Give the data below again exactly as it stands. Omit the pictures.

▶ _Collected data_:
──────

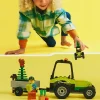 LEGO Puzzles Y Construcciones*Juguete De Construccion Tractor Forestal Con Remolque Y Mini Figura De Jardinero City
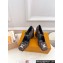 Louis Vuitton Heel 9cm Shake Mary Jane Pumps in Monogram Canvas 2024
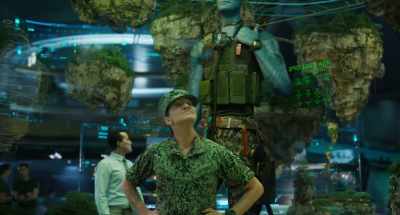 We only get 10 minutes
in enemy airspace, - Avatar: The Way of Water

──────

▶ _Problem solution_:
 LEGO Puzzles Y Construcciones*Juguete De Construccion Tractor Forestal Con Remolque Y Mini Figura De Jardinero City
 Louis Vuitton Heel 9cm Shake Mary Jane Pumps in Monogram Canvas 2024
 We only get 10 minutes
in enemy airspace, - Avatar: The Way of Water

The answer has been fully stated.